In the sciences and elsewhere, the use of relational databases has become ubiquitous.
To get maximum profit from a database, one should have in-depth knowledge in both
SQL and a domain (data structure and meaning that a database contains). To assist
inexperienced users in formulating their needs, SQL query recommendation system
(SQL QRS) has been proposed. It utilizes the experience of previous users captured by
SQL query log as well as the user query history to suggest. When constructing such
a system, one should solve related problems: (1) clean the query log and (2) define
appropriate query similarity functions. These two tasks are not only necessary for
building SQL QRS, but they apply to other problems. In what follows, we describe
three scenarios of SQL query log analysis: (1) cleaning an SQL query log, (2) SQL
query log clustering when testing SQL query similarity functions and (3) recommending
SQL queries. We also explain how these three branches are related to each other.
Scenario 1. Cleaning SQL query log as a general pre-processing step
The raw query log is often not suitable for query log analysis tasks such as clustering,
giving recommendations. That is because it contains antipatterns and robotic data
downloads, also known as Sliding Window Search (SWS). An antipattern in software
engineering is a special case of a pattern. While a pattern is a standard solution, an
antipattern is a pattern with a negative effect.
When it comes to SQL query recommendation, leaving such artifacts in the log during
analysis results in a wrong suggestion. Firstly, the behaviour of "mortal" users who
need a recommendation is different from robots, which perform SWS. Secondly, one
does not want to recommend antipatterns, so they need to be excluded from the query
pool. Thirdly, the bigger a log is, the slower a recommendation engine operates. Thus,
excluding SWS and antipatterns from the input data makes the recommendation
better and faster.
The effect of SWS and antipatterns on query log clustering depends on the chosen
similarity function. The result can either (1) do not change or (2) add clusters which
cover a big part of data. In any case, having antipatterns and SWS in an input log
increases only the time one need to cluster and do not increase the quality of results.
Scenario 2. Identifying User Interests via Clustering
To identify the hot spots of user interests, one clusters SQL queries. In a scientific
domain, it exposes research trends. In business, it points to popular data slices which
one might want to refactor for better accessibility. A good clustering result must be
precise (match ground truth) and interpretable.

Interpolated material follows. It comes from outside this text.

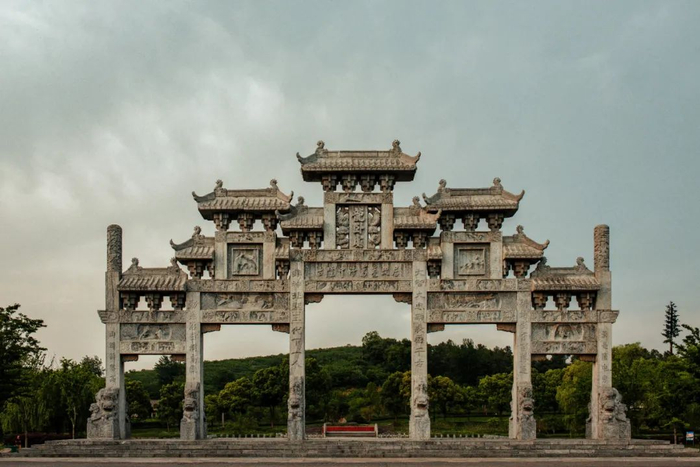   ▲ 襄阳古隆中，相传诸葛亮曾在此耕读。摄影/康辉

Query similarity relies on SQL query representation. There are three strategies to
represent an SQL query. FB (feature-based) query representation sees a query as
structure, not considering the data, a query accesses. WB (witness-based) approach
treat a query as a set of tuples in the result set. AAB (access area-based) representation
considers a query as an expression in relational algebra. While WB and FB query
similarity functions are straightforward (Jaccard or cosine similarities), AAB query
similarity requires additional definition. We proposed two variants of AAB similarity
measure – overlap (AABovl) and closeness (AABcl). In AABovl, the similarity of two
queries is the overlap of their access areas. AABcl relies on the distance between two
access areas in the data space – two queries may be similar even if their access areas
do not overlap.
The extensive experiments consist of two parts. The first one is clustering a rather
small dataset with ground truth. This experiment serves to study the precision of
various similarity functions by comparing clustering results to supervised insights. The
second experiment aims to investigate on the interpretability of clustering results with
different similarity functions. It clusters a big real-world query log. The domain expert
then evaluates the results. Both experiments show that AAB similarity functions
produce better results in both precision and interpretability.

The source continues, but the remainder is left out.